What are the questions to ask to make sure students engage themselves in critical thinking and develop a cohesive response? Well-formulated questions do not only guide students in understanding concepts, but can motivate them into analytical thinking. Questions designed to foster an environment conducive for learning have the following purposes:
• provide students with basic, but accurate knowledge
• gauge how the students comprehend the topic
• instruct learners to use the knowledge gained in the right perspective
• engage students into in-depth and thorough thinking
• challenge the learner to closely examine information
• develop the students’ ability to make relevant judgments
• more meaningful and active class discussions
• submission of cohesive and reflective responses
• practice of proper netiquette where students feel accountable of their comments, and respectful of others’ opinions
• availability of conversation record that can be reviewed as reference
• development of a venue for student online interaction
With all the perceived purposes and benefits, both instructors and students can expect to have a lively online discussion on course topics. However, instructors are inclined to post definitive answers that can stifle further discussion. Instead of juicing out more pieces of comments, and ideas, instructors tend to dominate a forum with their expert close-ended opinions.
To encourage critical thinking, instructors need to develop questions that can inspire students to reflect and formulate responses based on both their stock knowledge and outside sources. Students must be driven to support their posts so that it will be easier for others to follow up with their own opinions until a lively online discussion is achieved.
Not all members of online discussions have prior knowledge of the topic being discussed. To cater to such students, instructors need to work on elaborating questions.

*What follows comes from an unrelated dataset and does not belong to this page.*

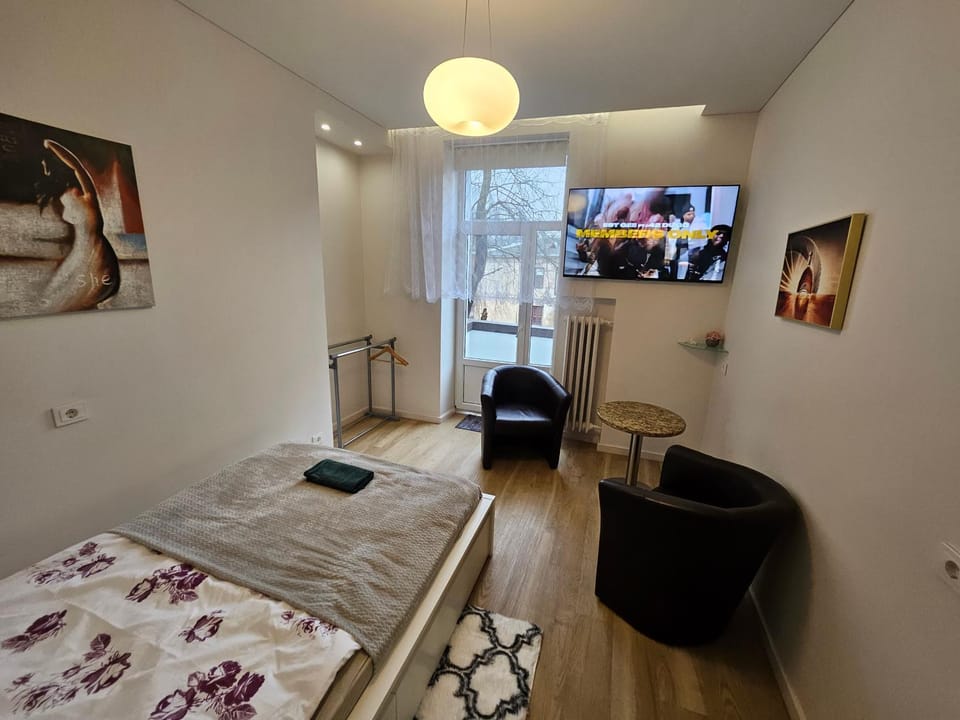 Bed, TV and multimedia, Photo of the whole room, Bedroom, hair dresser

This means making series of questions relevant to the initial query. Students must be given a clear guide on how to respond which includes asking for references, examples, detailed explanations, implications, and personal viewpoints. In other words, the questions must motivate students to spend time reading the reference materials. In effect, this encourages the students to study and provide meaningful responses knowing that instructors as well as fellow students will be reviewing and analyzing each other’s posts.
Instruct students on how to reply to questions either coming from instructors or fellow students instead of waiting to be spoon-fed with the right answer. If there’s a need for instructors to provide the answer, include the reference sources or the link to a website for students to check out for reading that is more extensive. It is understood that students can provide their answer only after reading and analyzing the materials. The guidelines must be clear that answers must not be something repeated from the sources.

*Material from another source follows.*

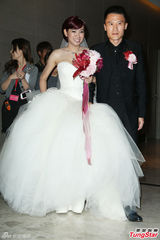 组图：米可白台北完婚 姚元浩直呼还不想结婚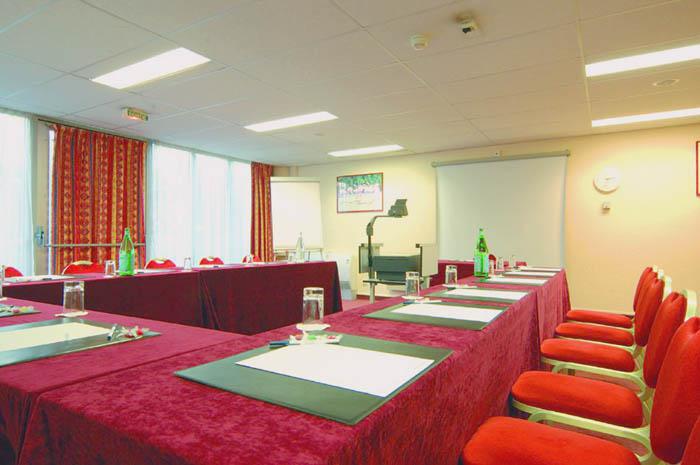 Express Centre By Ihg Lilla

If a discussion reaches a blank wall, a new question is needed to start a new thread. Stagnation often occurs when students feel they have nothing to contribute hence they stop posting. However, when any friction appears to be brewing, the instructor must nip it in the bud before getting any worse. Remind members of proper netiquette otherwise disrespectful posts warrant sanction. Without it, anything can happen regardless of how well created online discussion questions are.